A Supreme Court justice in Brooklyn has forcefully rejected a bid by one of the nation’s largest mortgage lenders to avoid application of New York’s six-year statute of limitations in foreclosure cases.

In a 42-page opinion, Justice Dawn Jimenez-Salta ruled that Wells Fargo bank could not use a Brooklyn homeowner’s participation in a federal program created to help financially strapped homeowners to escape the six-year bar on new foreclosure lawsuits.

Frenkel Lambert Weiss Weisman & Gordon, the firm that represented Wells and its client, U.S. Bank, in the litigation over the statute of limitations did not respond to an inquiry as to whether the decision would be appealed. Neither did Woods Oviatt Gilman, the firm that now represents the two.

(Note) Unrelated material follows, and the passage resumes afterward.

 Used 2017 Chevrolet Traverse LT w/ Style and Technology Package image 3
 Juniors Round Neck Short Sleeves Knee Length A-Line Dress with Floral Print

Unless reversed, the Oct. 31 ruling leaves Wells Fargo’s client with no recourse to collect on the $639,000 loan at a 7.5 percent interest rate, which was issued to Alberto Martinez in 2005 to finance the purchase of his home in the Ditmas Park section of Brooklyn. In this instance, the owner of the loan was a mortgage-backed investment fund and Wells was acting as its agent in its dealings with Martinez. Most of the nation’s largest banks have affiliated businesses handling dealings between lenders and property owners whose home purchases they have financed.

The ruling is one of a handful of trial-court rulings  to hold that homeowners’ ultimately unsuccessful efforts to obtain lower monthly mortgage payments under the federal Home Affordable Modification Program (HAMP) do not provide lenders with a way to escape New York’s statute of limitations.